What you are asked to do:
If pictures appear in the lines below, skip them and copy exactly the lines from the one containing "Raccoon - Backpack - elephant grey - Front" through the one containing "54x3w rgbw high", and nothing else.

Task inputs:
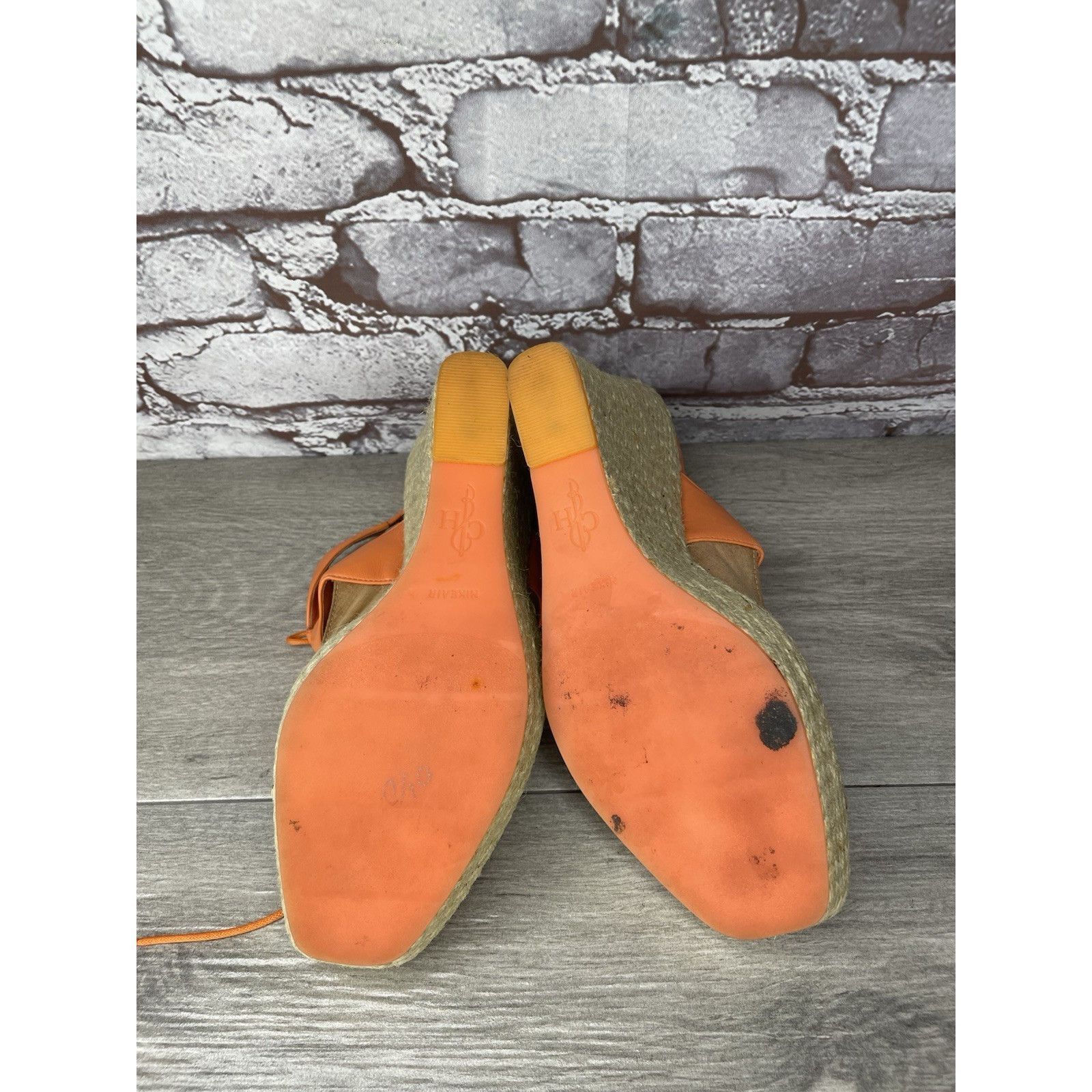Cole Haan Cole Haan Orange Leather Lace Up Wedge Espadrilles Sandals W Size US 9.5 / IT 39.5 - 7 Thumbnail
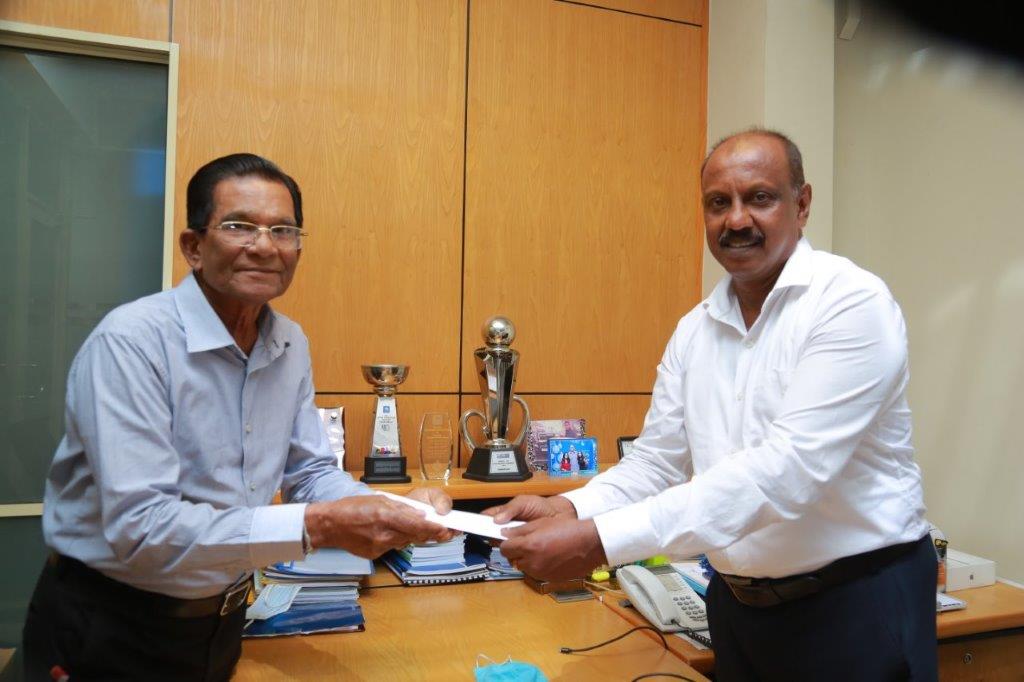 SLC Felicitates Two Veteran Umpires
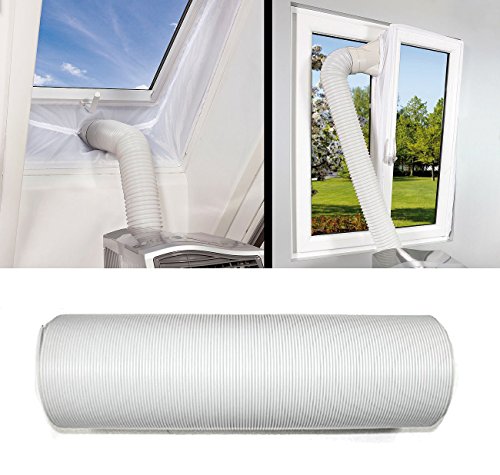 JOYOOO 1.5M Länge PVC Abluftschlauch Luftschlauch flexibel für mobile Klimageräte (Ø 13cm)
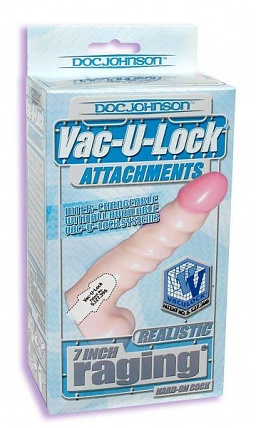 Raging Hard On 7" Cock Vac U Lock Bx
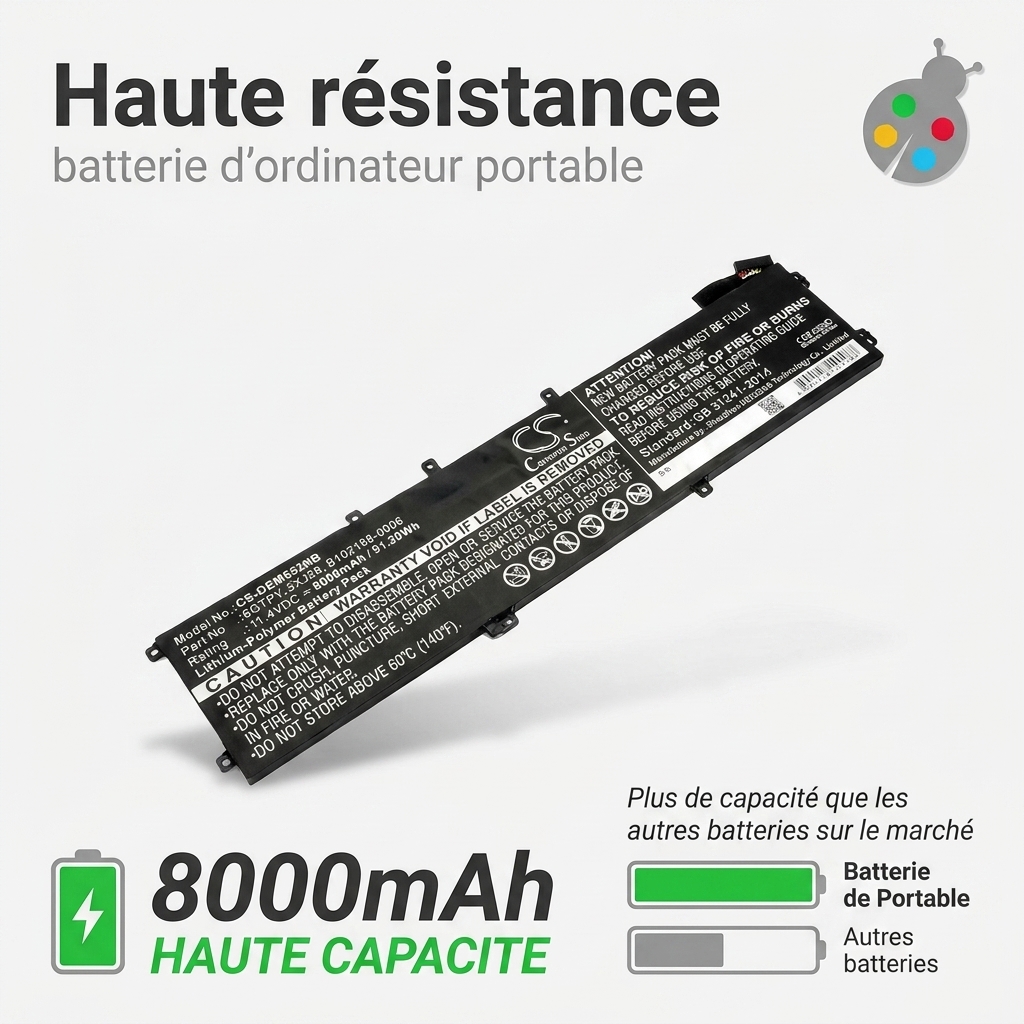 Batteria computer portatile dell precision 5520
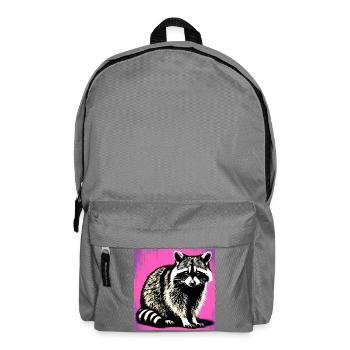 Raccoon - Backpack - elephant grey - Front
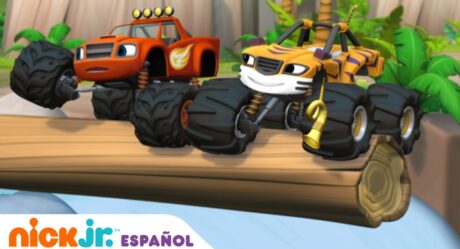 Blaze y los Monster Machines | Corre carreras en la jungla con Blaze y Stripes | Nick Jr. en Español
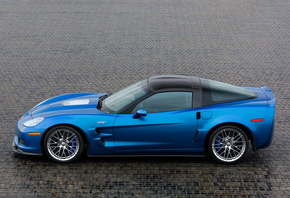 zr1, синий, Corvette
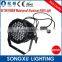 54x3w rgbw high quality waterproof led par stage lights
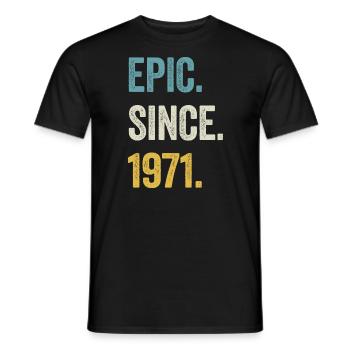 53e anniversaire 53 ans d’épopée depuis 1971 - T-shirt homme - noir - Devant - AI Model Male 178 light (178cm)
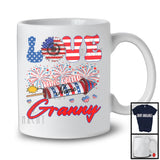 Personalized Love Being Called Granny, Proud 4th Of July USA Flag Custom Name Family, Patriotic T-Shirt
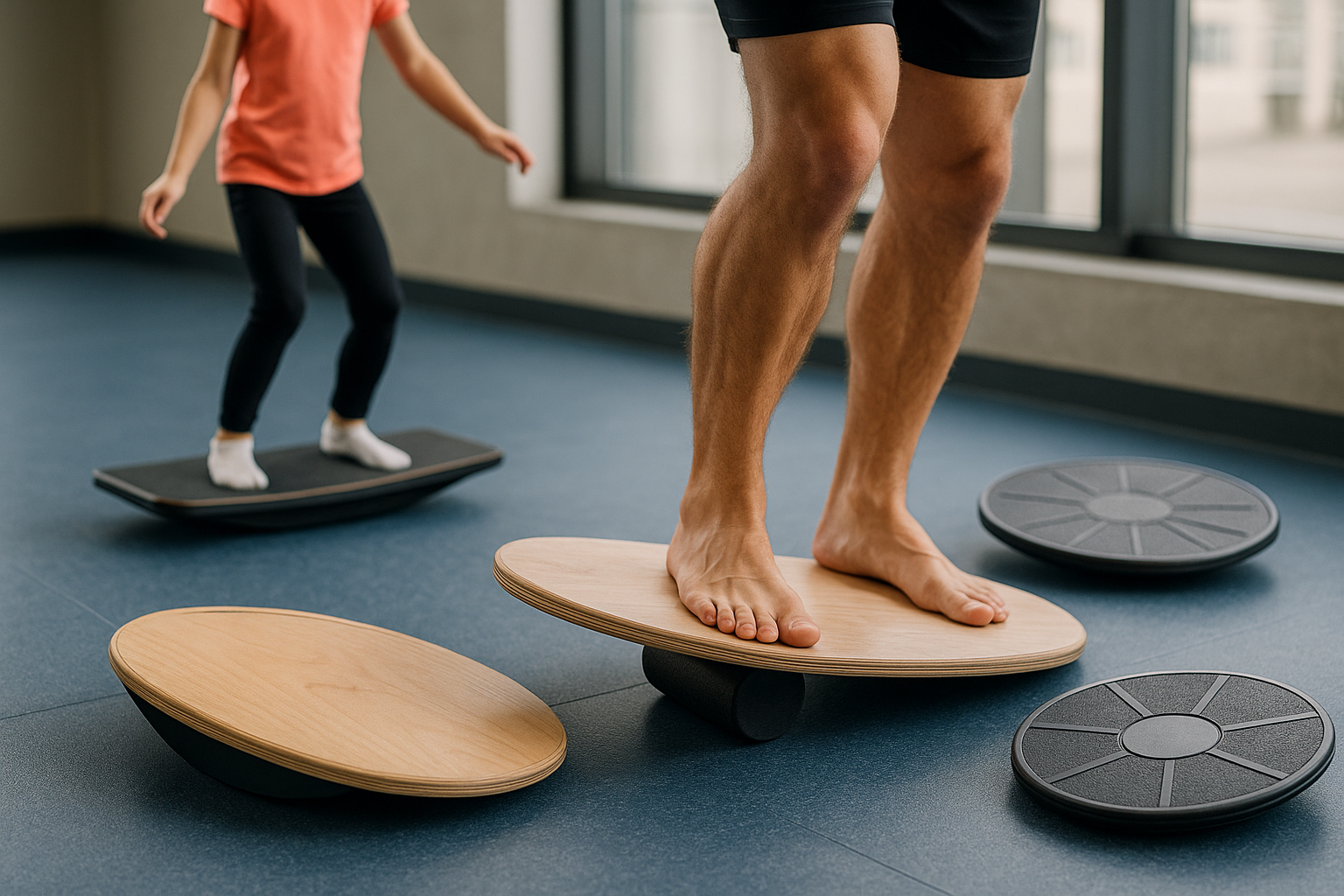 Balansboard: ontdek de perfecte mix van stabiliteit en plezier voor elke leeftijd! - Illustration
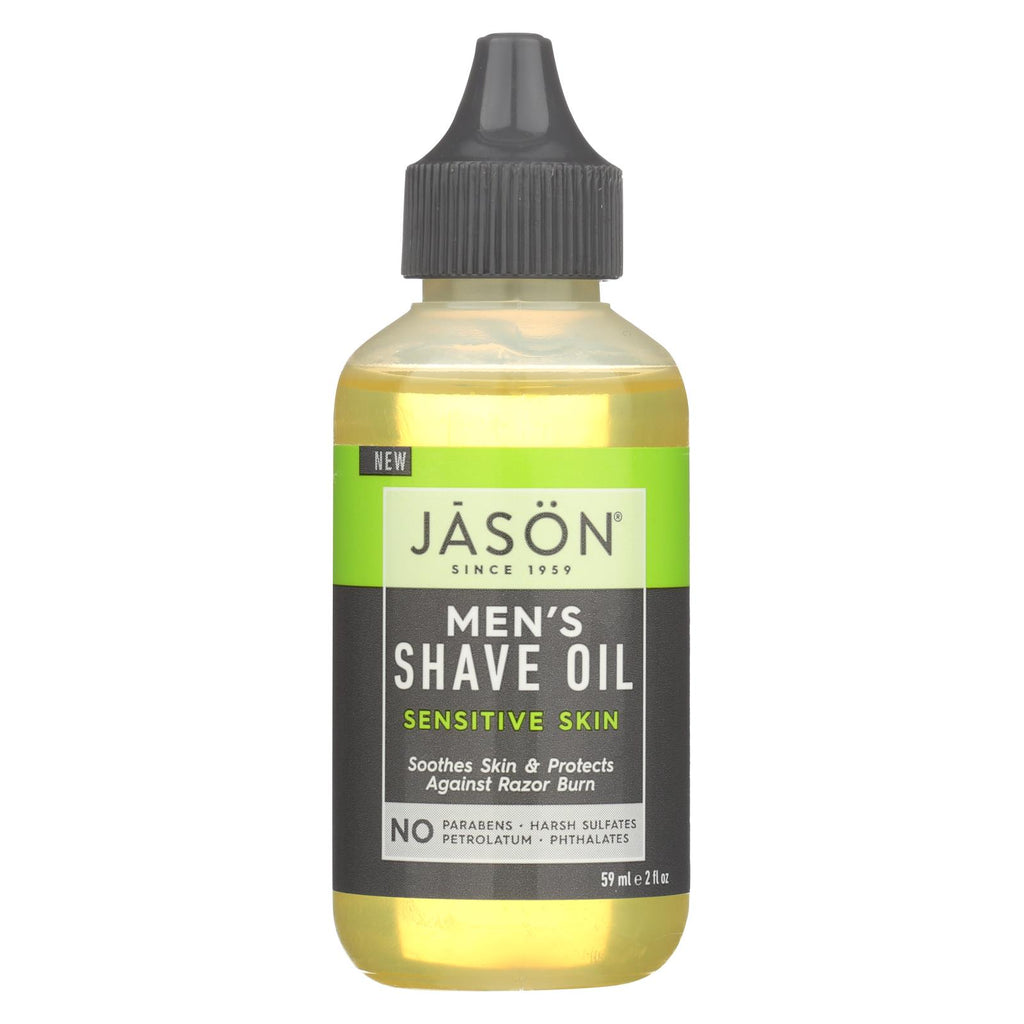 Jason Natural Products Shave Oil - Men's - Sensitive - 2 Fl Oz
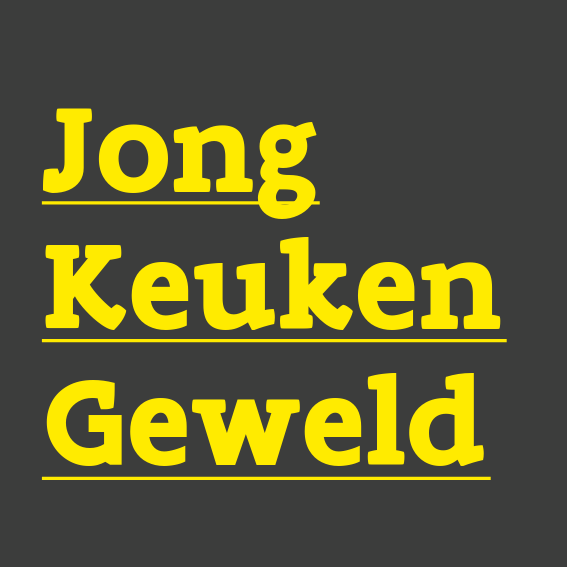 Logo JKG Grijze achtergrond, geel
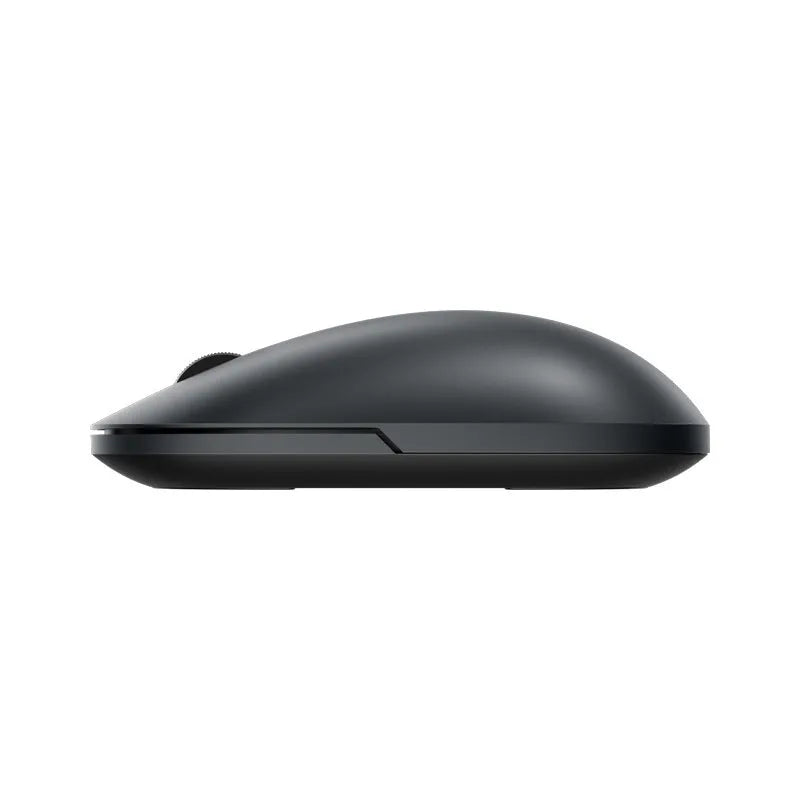 Ultra-thin wireless mouse in grey with USB receiver, 2.4GHz Bluetooth connectivity for laptop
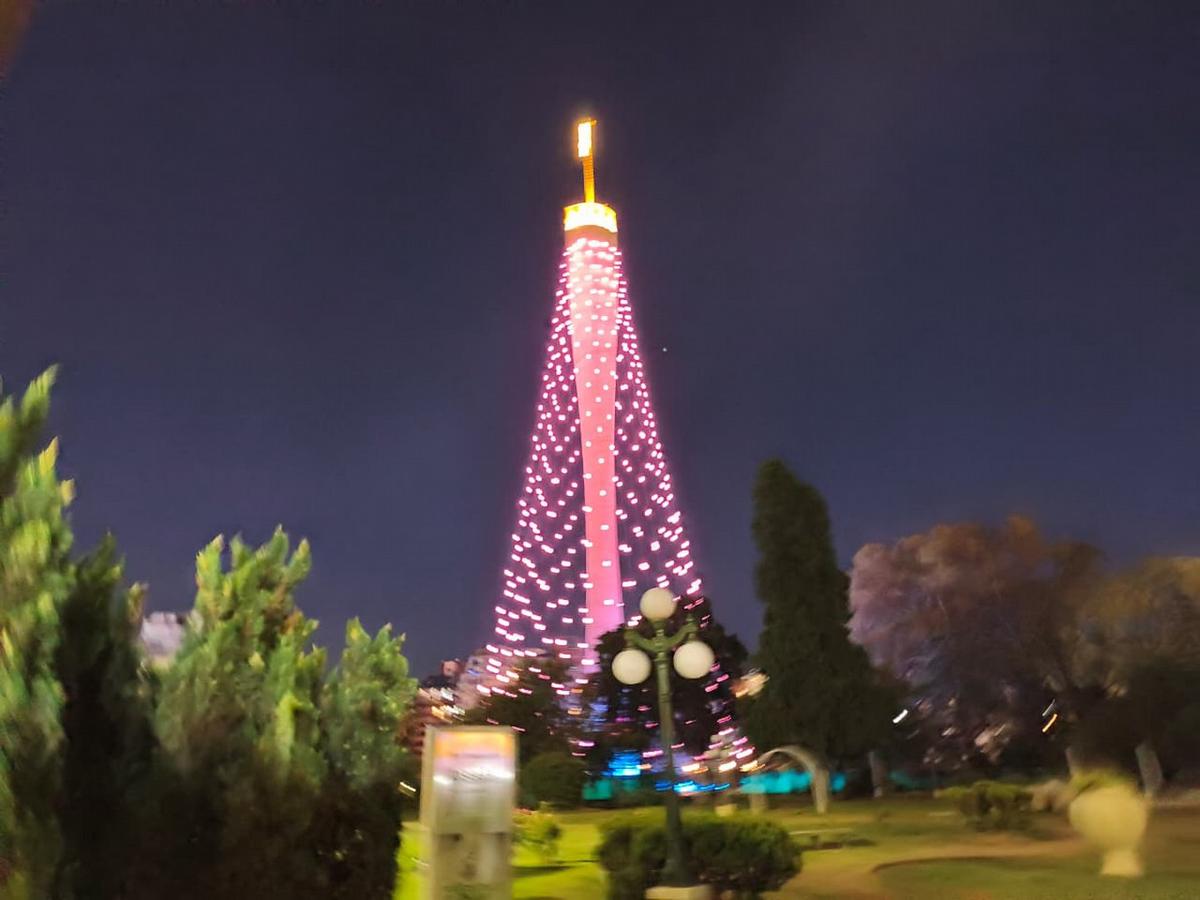 Ya está encendido el árbol de Navidad en Córdoba. (Foto: Ignacio González/Cadena 3)
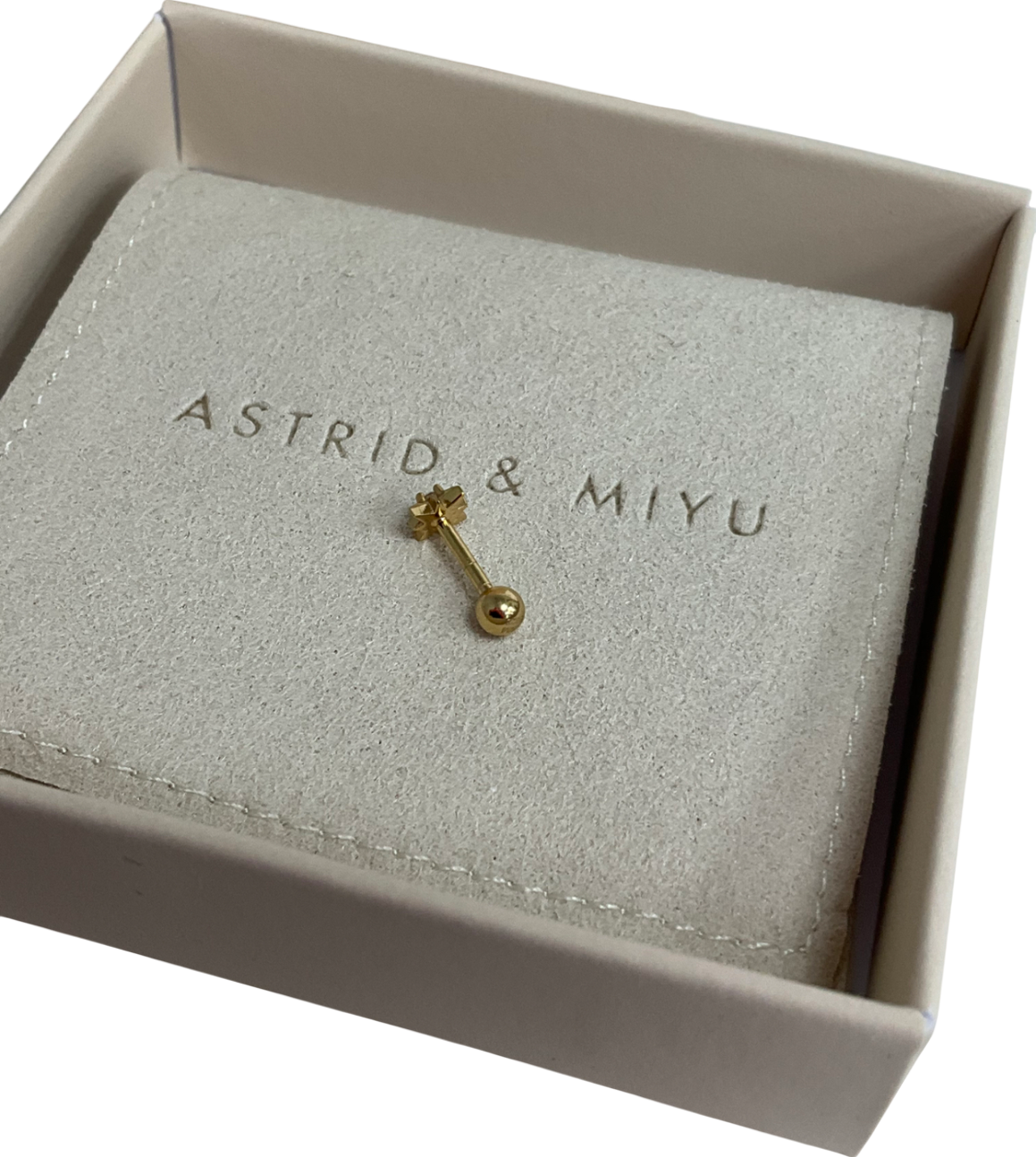 Astrid & Miyu Twilight Star Barbell In Gold One Size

Result of this exercise:
 Raccoon - Backpack - elephant grey - Front
 Blaze y los Monster Machines | Corre carreras en la jungla con Blaze y Stripes | Nick Jr. en Español
 zr1, синий, Corvette
 54x3w rgbw high quality waterproof led par stage lights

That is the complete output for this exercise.